Spring may officially be several weeks off, but now is the time to get your bird nest boxes cleaned out and ready for new, incoming occupants.

If you don’t already have nest boxes up, this is the time to either build or buy and place them, following our specs at http://wdfw.wa.gov/living/projects/nestboxes/index.html

Many backyard birding enthusiasts who use nest boxes leave them up year-round and leave nesting materials in them through the winter, when some birds will use them as nightime roost sites.

But migrating birds that use cavities for nesting, like bluebirds, swallows and wrens, will be returning next month and they prefer clean quarters to follow their instincts to build their own nests.

All nest boxes attract insects – mites, lice, fleas, flies, hornets, spiders and more. In small numbers they are relatively harmless to birds, but in larger numbers they can cause injuries and even fatalities to young birds.

Inspect all nest boxes to clean out insects and also to remove the old nesting material. Although some diligent and industrious birds will remove old nesting material before building their own particular nest, many more will just build on top of an old nest. That kind of layering can raise the nest dangerously close to the entrance hole where predators might reach eggs or young.

Your inspection may turn up dead nestlings or infertile eggs, which of course should also be removed. Be sure to use protective gloves, maybe even a dust mask, and dispose of everything you find in nest boxes away from the site to avoid smells that can attract predators.

Nest box maintenance includes tightening screws, loosening lag bolts, unblocking drainage holes, and generally making sure everything is secure and working right.

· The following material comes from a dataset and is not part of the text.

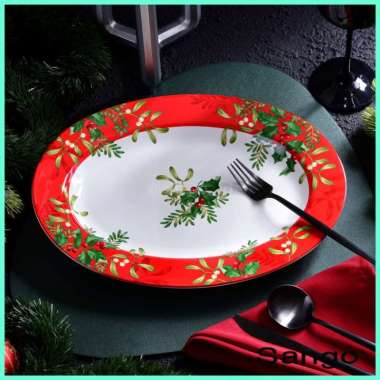 SANGO Set Piring Oval Christmas Foliage Red(Isi 1)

If you find a nest box in your collection that year after year goes unused, consider relocating it. It might not be in the appropriate habitat or suitable height location for the species it’s built for, or perhaps it’s in the right place but is not built correctly. Check the entrance hole size, overall size dimensions, and other factors that are important to, and different for, various species of nest-box-using birds. Details are available at http://wdfw.wa.gov/living/projects/nestboxes/index.html

If the same nest box turns up dead nestlings or infertile eggs more than once, consider relocation to avoid competitors or predators, or remodeling to protect the species using the box. A predator block – just a one-inch thick piece of wood drilled with the appropriate size hole – mounted over the entrance hole to create a short tunnel into the nest, can deter starlings, raccoons, or squirrels that have chewed the original hole bigger.

Another improvement is to remove any perch post projecting out from the front of a nest box. Our native cavity-nesting birds don’t need these perches but they are used by more aggressive non-native birds to harass nesting birds.

If you often have earlier-arriving starlings or English house sparrows dominating your nest box site, you may want to plug the entrance hole until later this spring when martins or swallows or other native species arrive. Small paper cups and other such plugs work well. Remember to remove the plug as soon as you see your “target” species return to the area, or when you otherwise learn of its return to your area. (Online birding chat groups can be a good source of news about migratory bird movements.)

If you watch a nest box closely enough this spring to know when birds have finished raising a brood, you can clean out the box again to encourage another pair to use it or the same pair to nest again. Just don’t bother an obviously occupied nest box.